--- Source data Enclosed Below ---
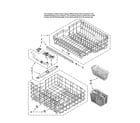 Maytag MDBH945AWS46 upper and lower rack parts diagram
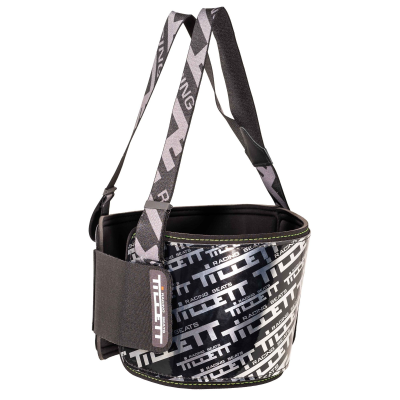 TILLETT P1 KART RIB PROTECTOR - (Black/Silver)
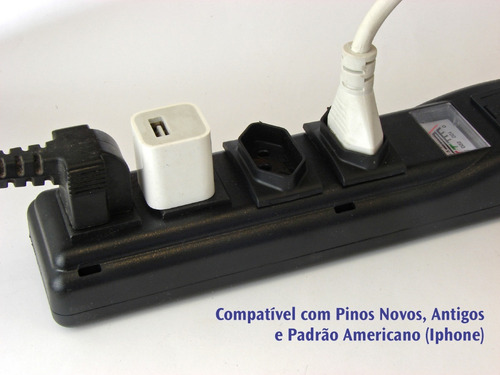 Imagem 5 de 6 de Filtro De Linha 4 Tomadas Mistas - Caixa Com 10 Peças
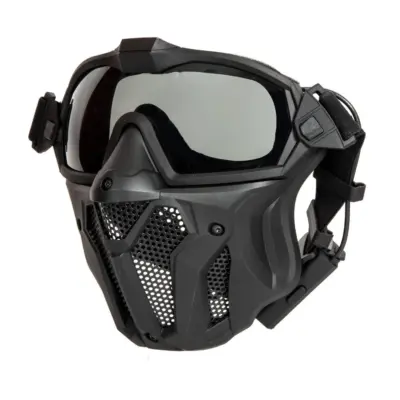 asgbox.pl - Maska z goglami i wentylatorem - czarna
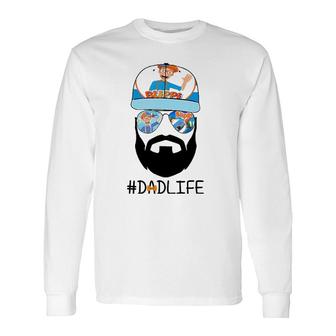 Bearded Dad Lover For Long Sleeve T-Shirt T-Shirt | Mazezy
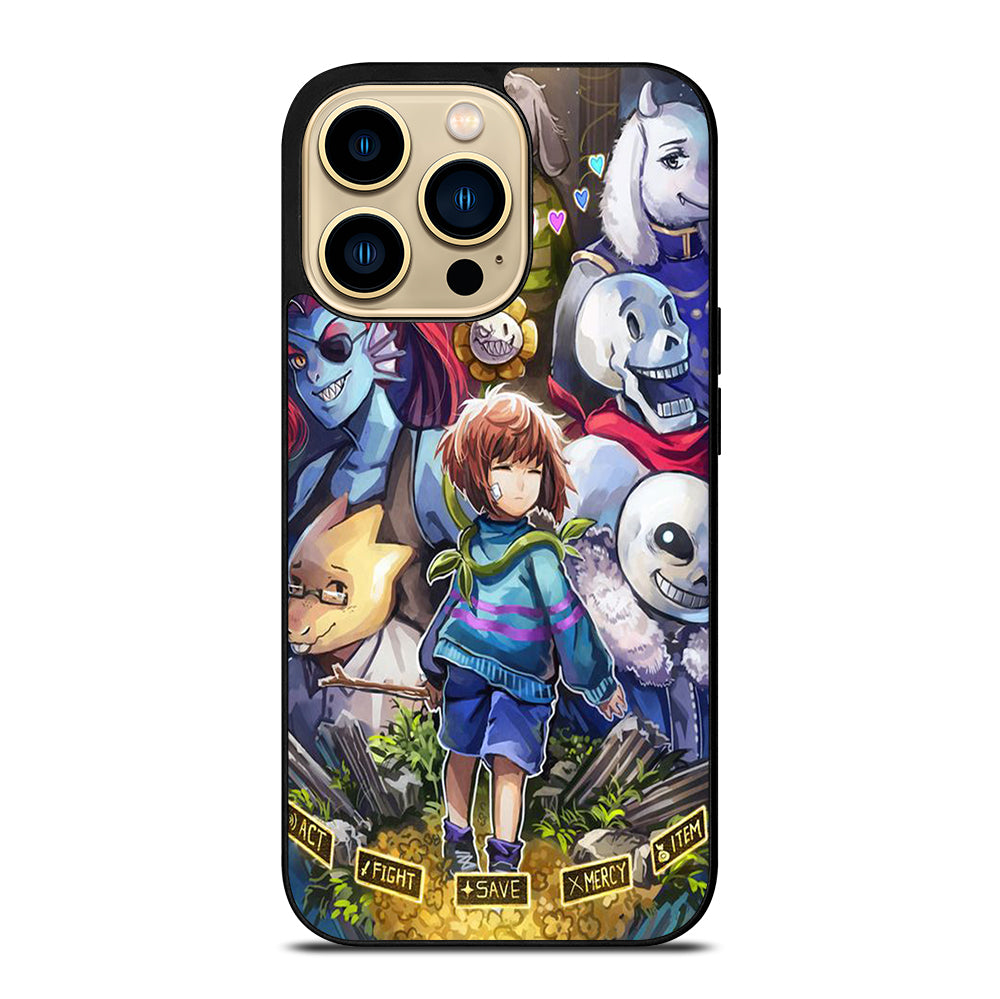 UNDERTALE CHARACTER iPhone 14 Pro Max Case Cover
--- End of Enclosed Source data ---
--- Source data Enclosed Below ---
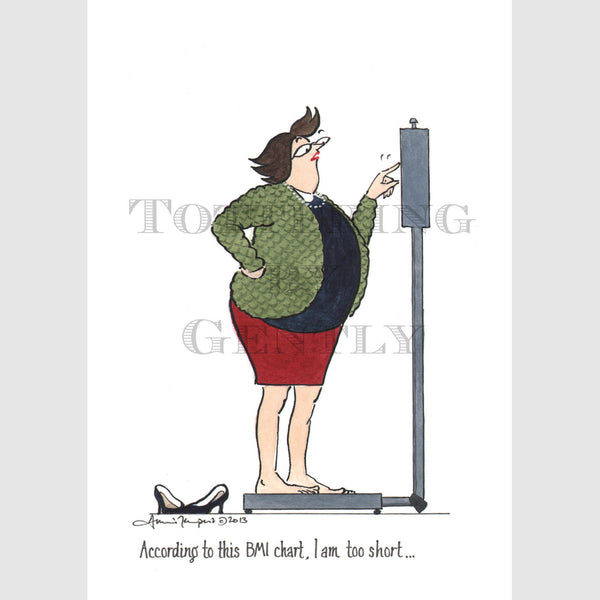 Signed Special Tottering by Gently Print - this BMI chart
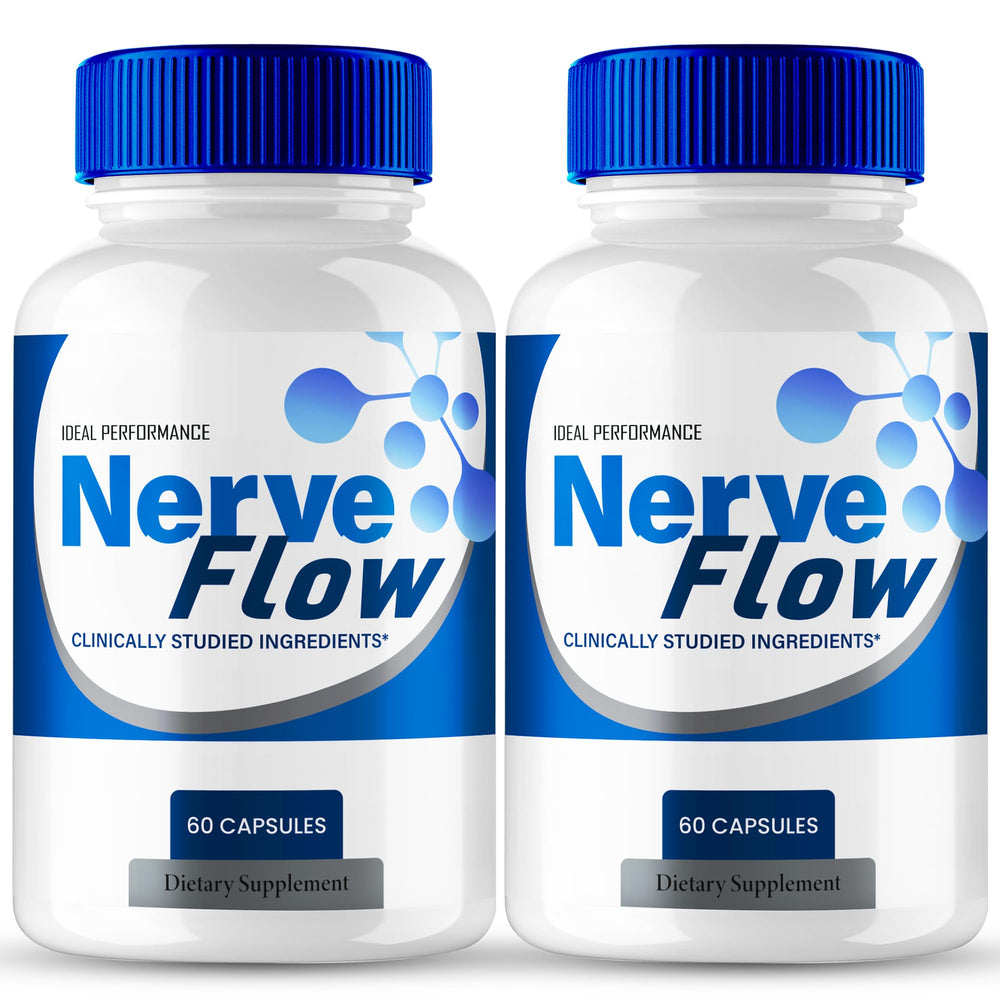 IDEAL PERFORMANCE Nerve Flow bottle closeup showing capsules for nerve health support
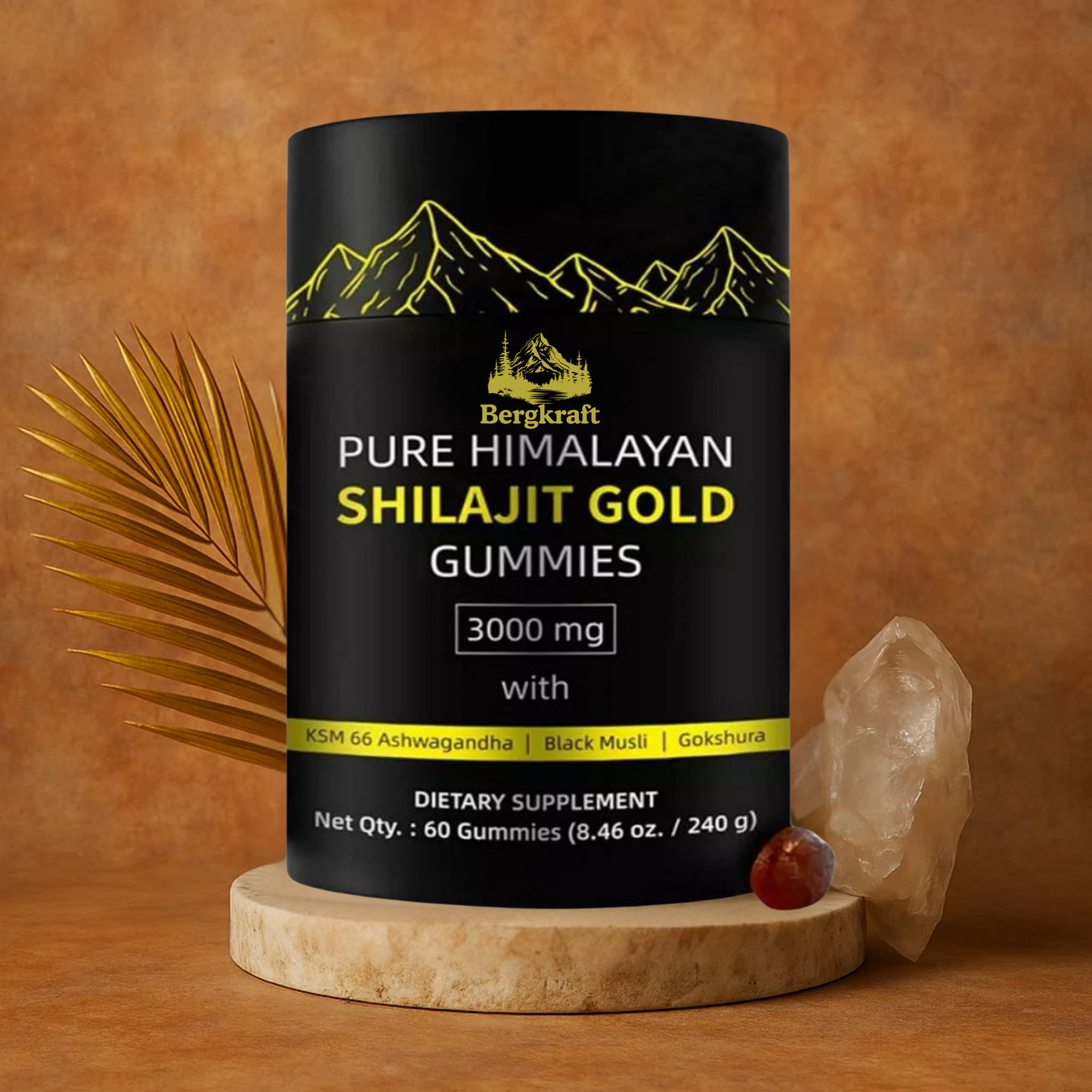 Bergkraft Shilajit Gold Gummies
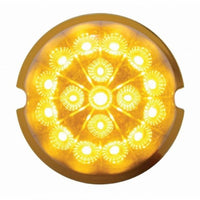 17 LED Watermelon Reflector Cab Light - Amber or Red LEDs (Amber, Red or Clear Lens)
--- End of Enclosed Source data ---
--- Source data Enclosed Below ---
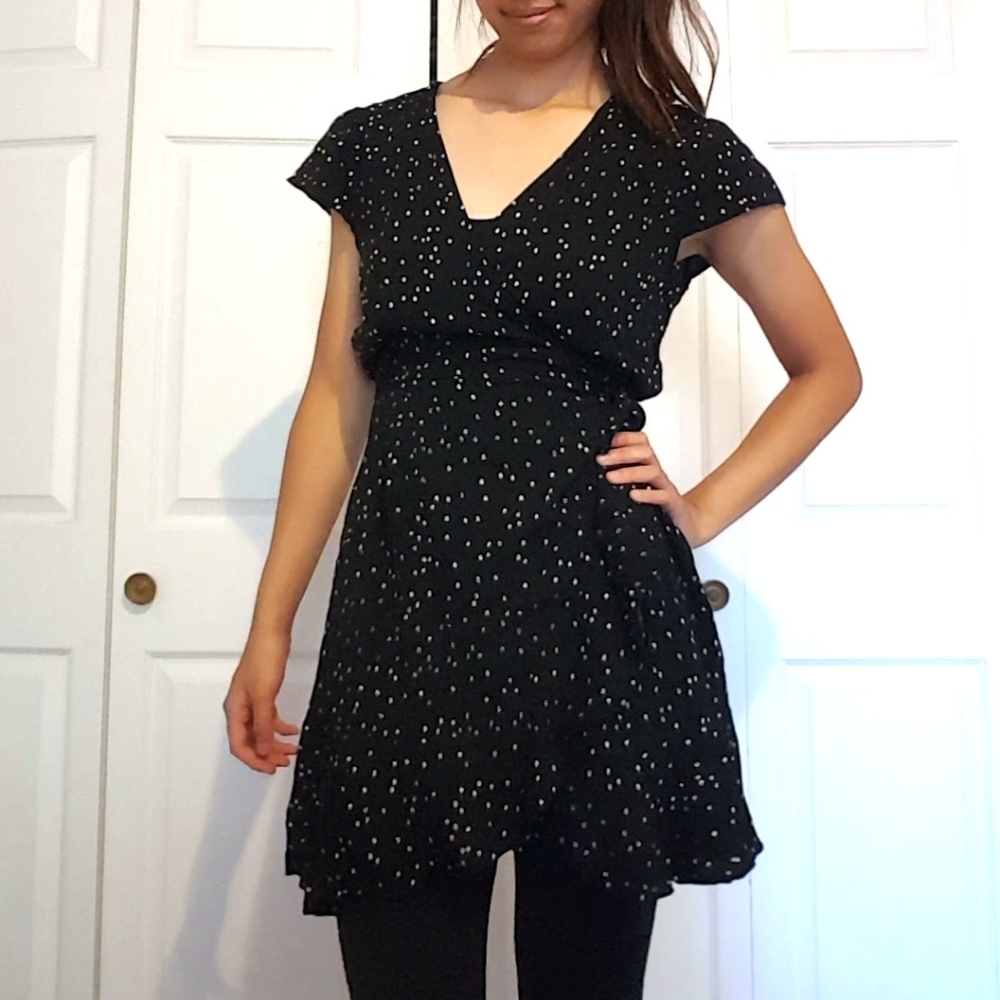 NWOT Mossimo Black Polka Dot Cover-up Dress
--- End of Enclosed Source data ---
→ Activity
Transcribe only this stretch of the data: the line with "Bearded Dad Lover", the line with "UNDERTALE CHARACTER iPhone", and every line in between. Leave out the pictures.

→ Response
 Bearded Dad Lover For Long Sleeve T-Shirt T-Shirt | Mazezy
 UNDERTALE CHARACTER iPhone 14 Pro Max Case Cover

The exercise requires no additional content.